═════ Materials provided ═════
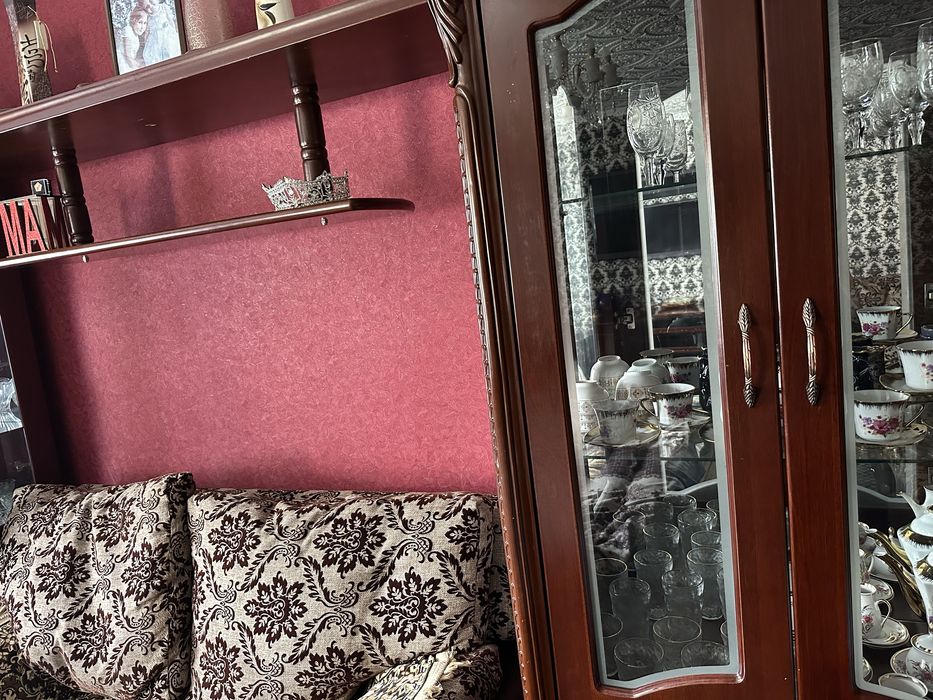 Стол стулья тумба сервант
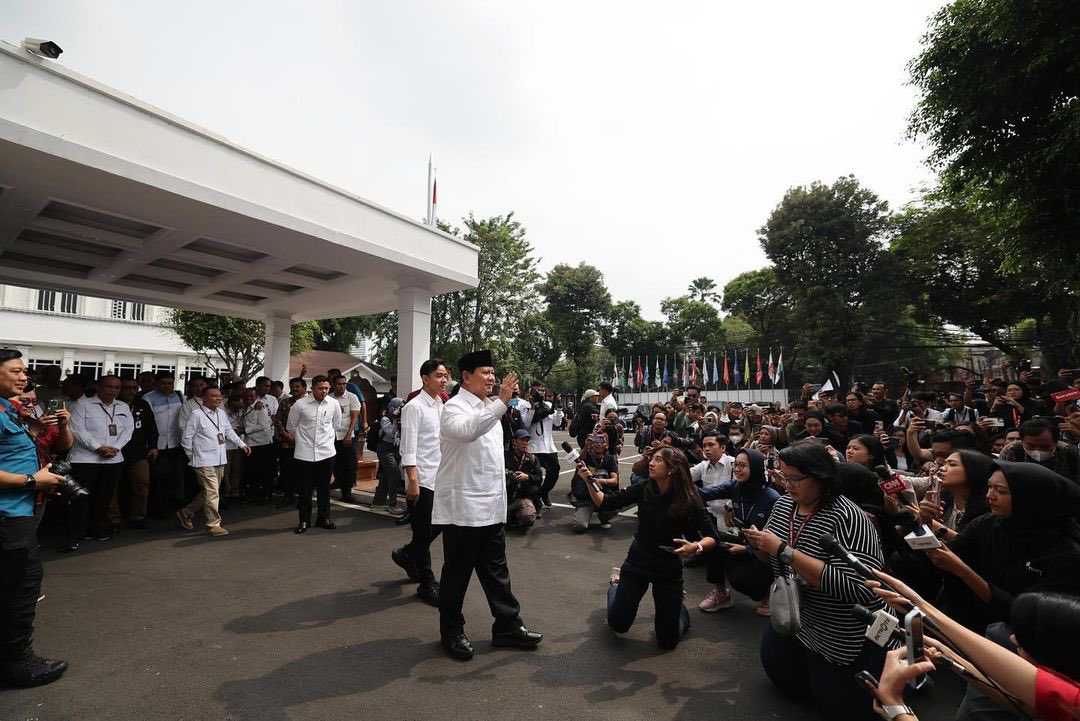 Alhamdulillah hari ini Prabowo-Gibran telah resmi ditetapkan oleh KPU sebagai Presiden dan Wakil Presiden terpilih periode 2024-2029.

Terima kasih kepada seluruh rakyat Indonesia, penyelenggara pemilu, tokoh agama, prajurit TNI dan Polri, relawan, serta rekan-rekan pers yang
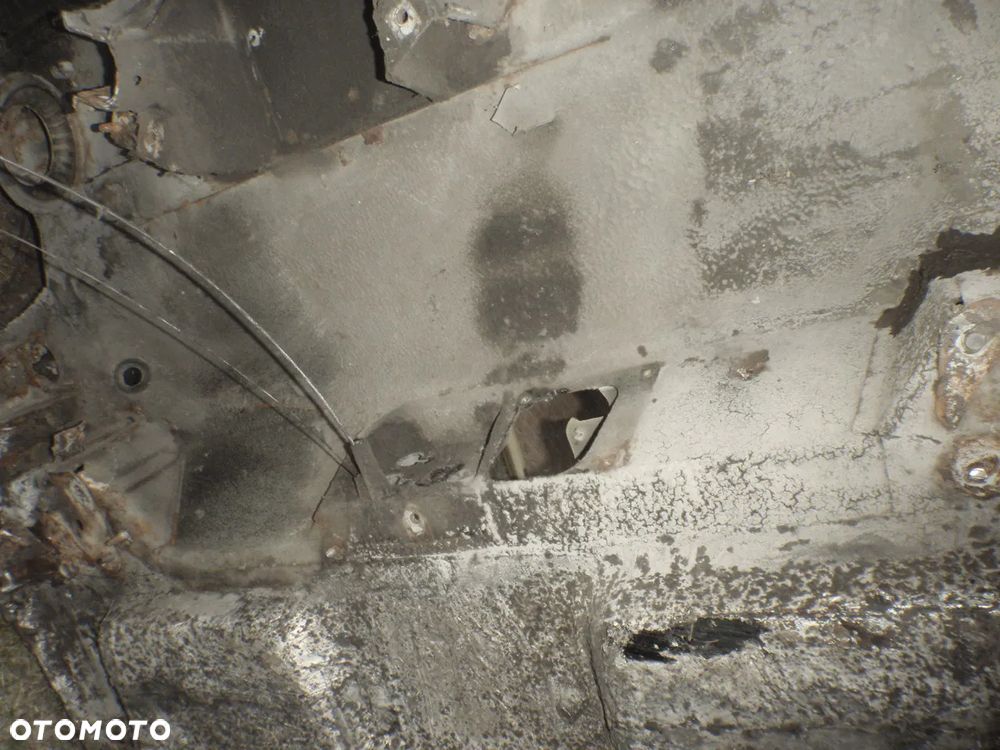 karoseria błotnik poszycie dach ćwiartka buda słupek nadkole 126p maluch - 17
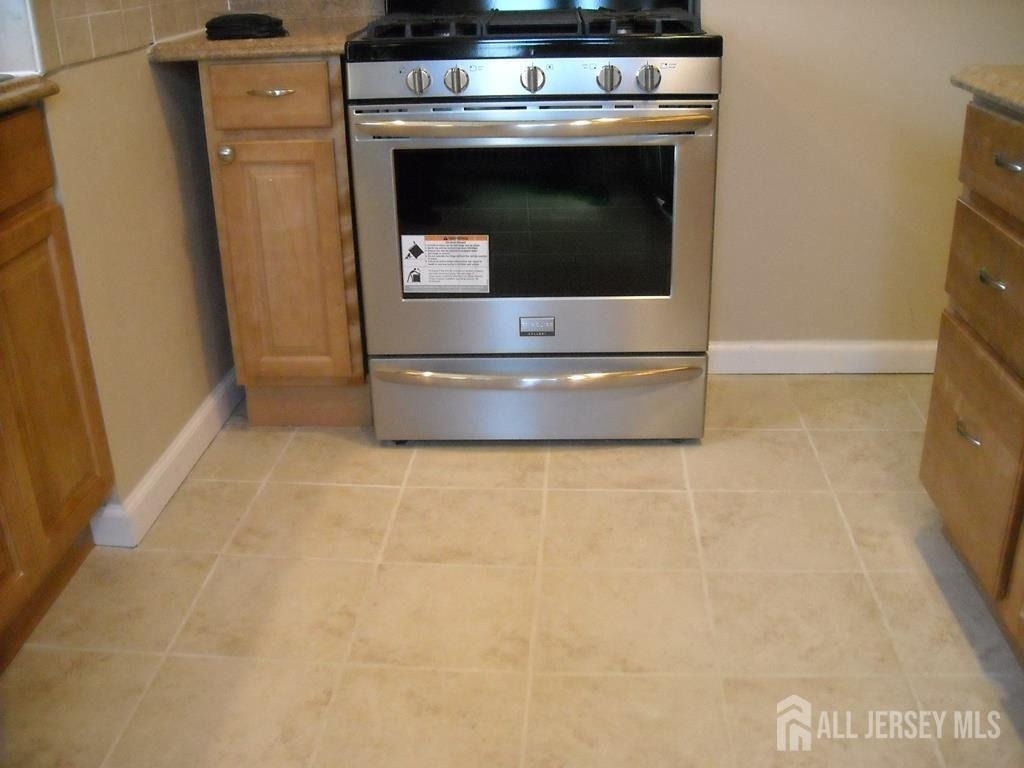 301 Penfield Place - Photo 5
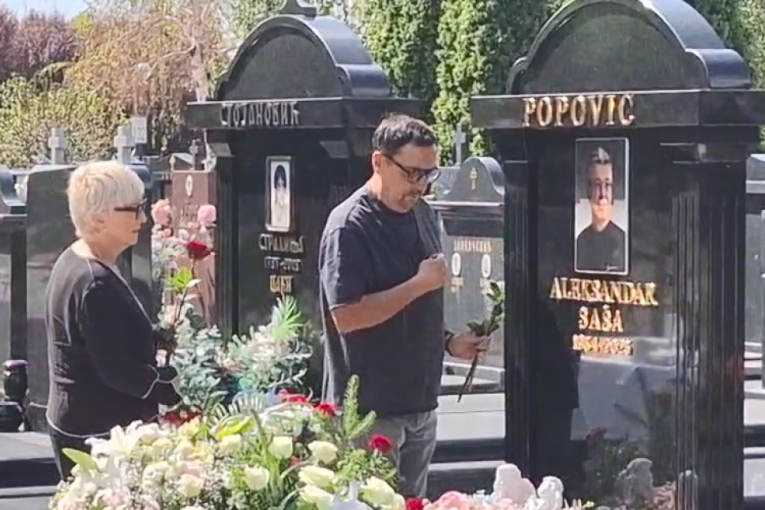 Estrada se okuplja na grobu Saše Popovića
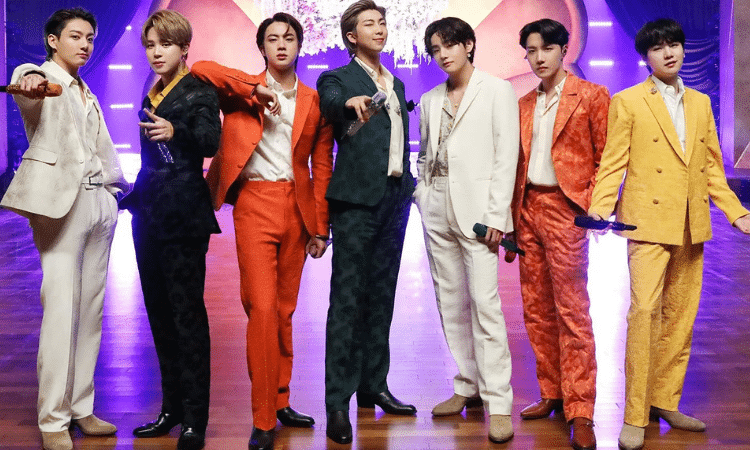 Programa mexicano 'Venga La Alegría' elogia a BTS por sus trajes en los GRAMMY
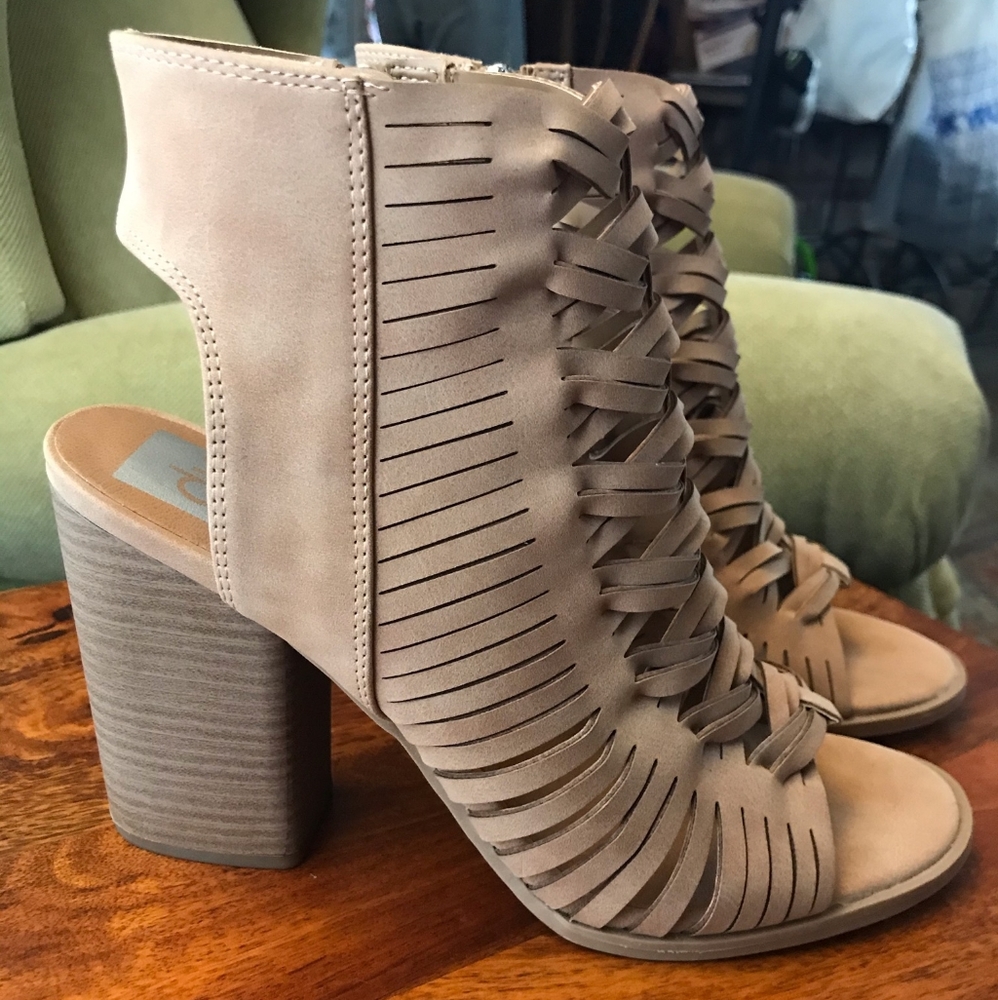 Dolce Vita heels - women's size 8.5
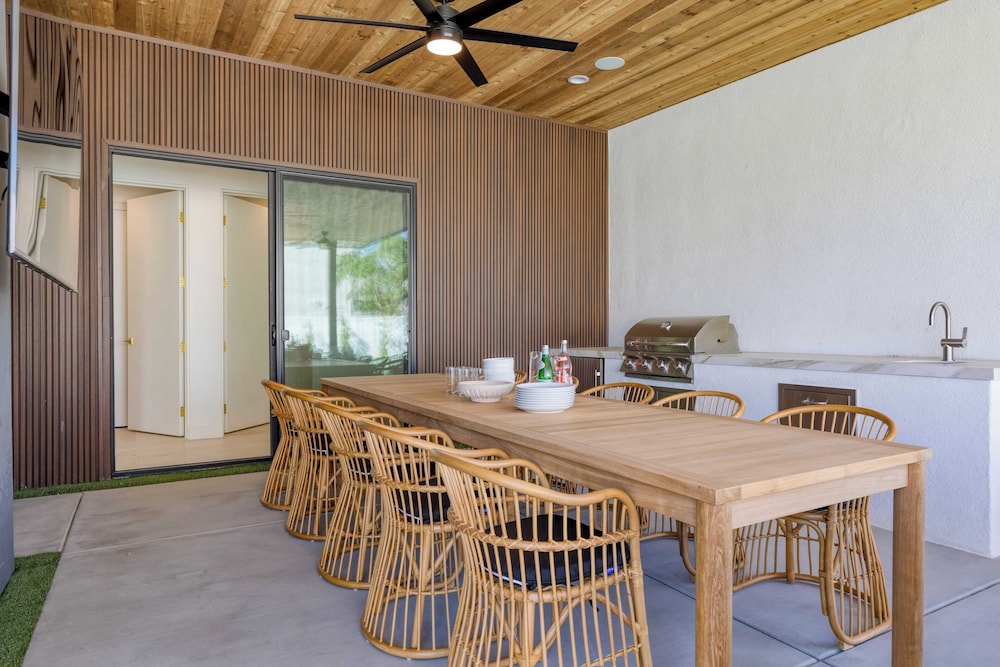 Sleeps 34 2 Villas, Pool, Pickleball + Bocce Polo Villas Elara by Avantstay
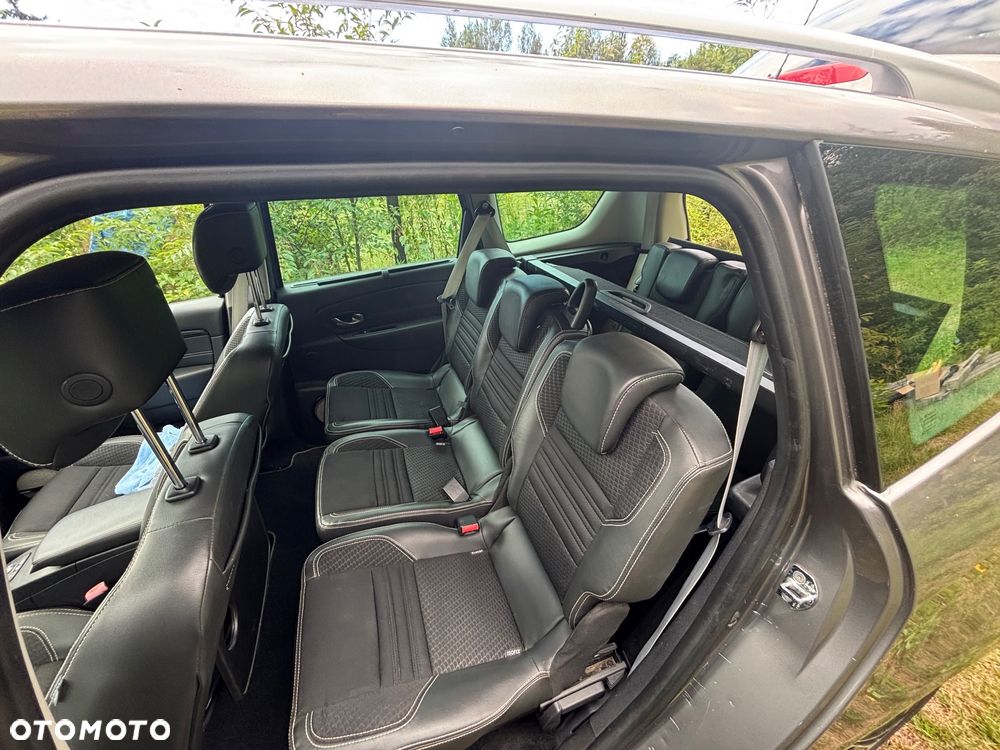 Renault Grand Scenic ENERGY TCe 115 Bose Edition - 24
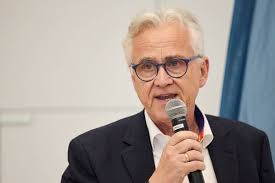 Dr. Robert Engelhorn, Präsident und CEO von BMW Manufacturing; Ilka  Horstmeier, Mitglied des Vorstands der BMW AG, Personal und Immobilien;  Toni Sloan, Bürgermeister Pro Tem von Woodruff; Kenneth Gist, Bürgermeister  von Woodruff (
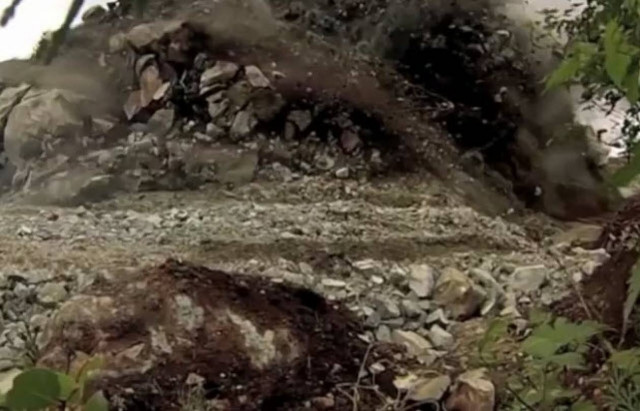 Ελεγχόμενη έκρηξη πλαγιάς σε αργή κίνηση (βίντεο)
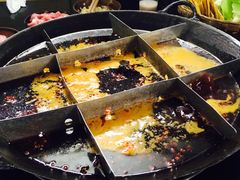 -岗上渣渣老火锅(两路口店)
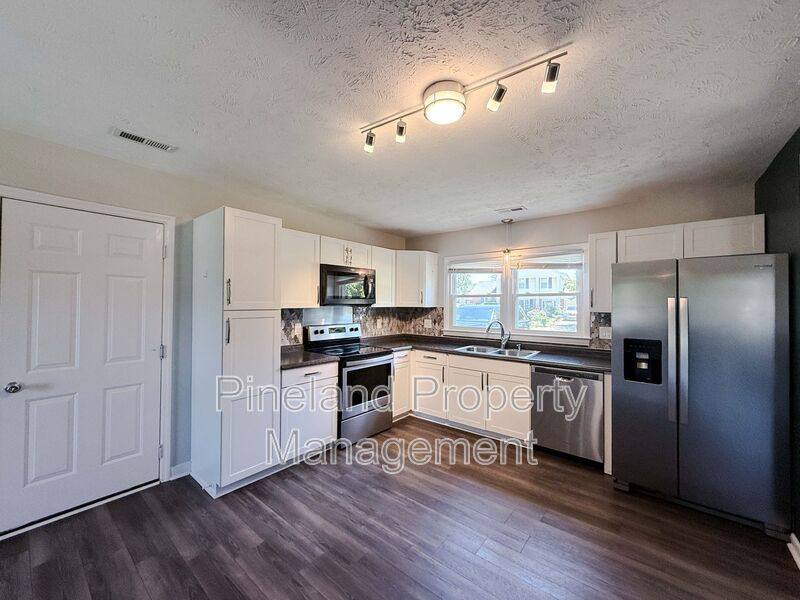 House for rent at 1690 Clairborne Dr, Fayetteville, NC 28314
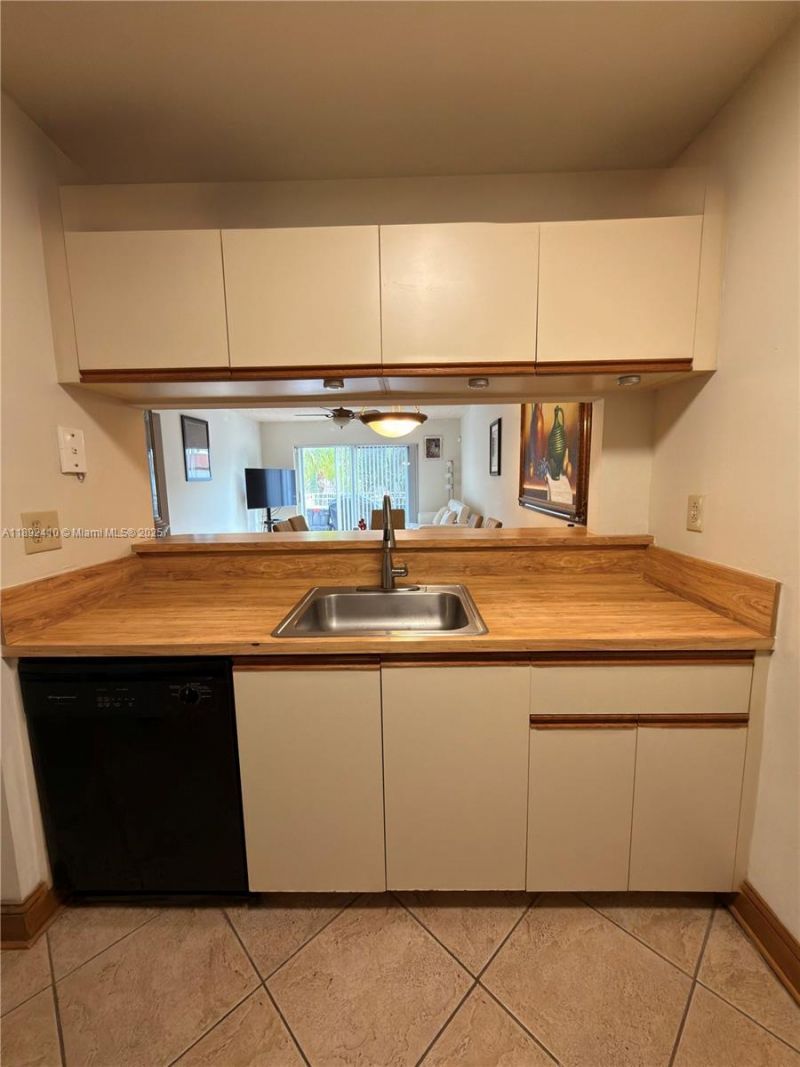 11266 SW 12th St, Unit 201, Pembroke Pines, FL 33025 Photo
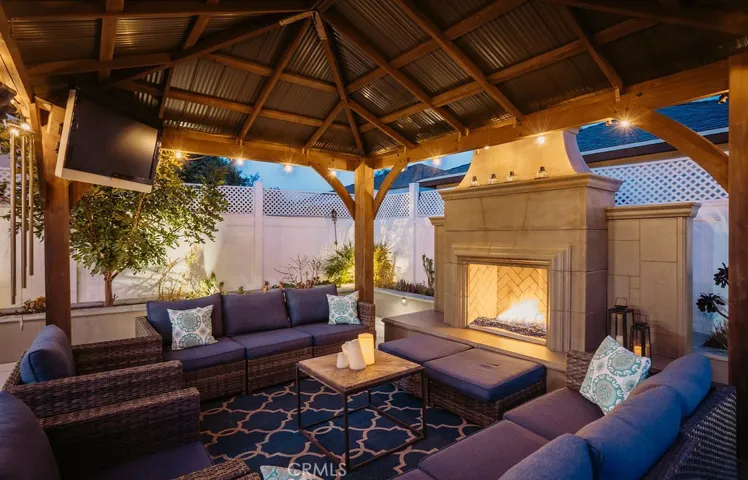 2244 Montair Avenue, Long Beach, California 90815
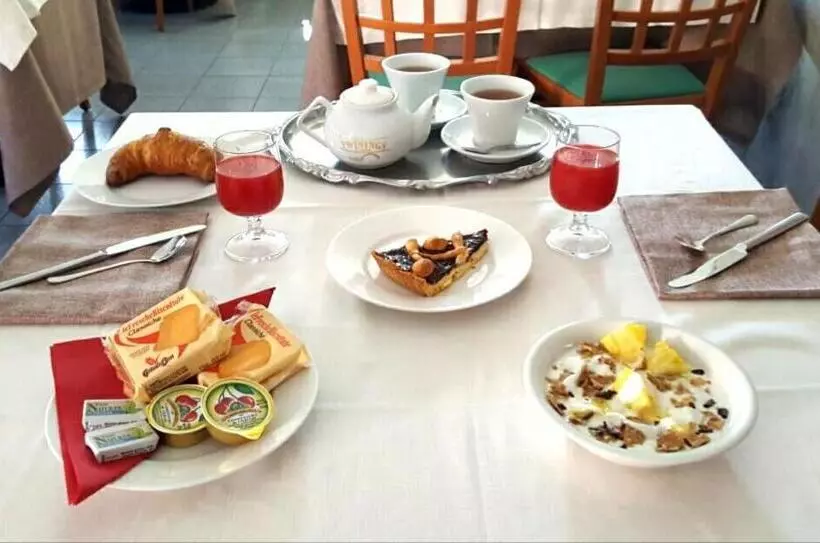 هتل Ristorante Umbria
═════
* Assigned task:
Using the listing above, copy exactly the lines from the one that contains "2244 Montair Avenue, Long" through its last line, both included, but not the pictures.

* Response to the exercise:
 2244 Montair Avenue, Long Beach, California 90815
 هتل Ristorante Umbria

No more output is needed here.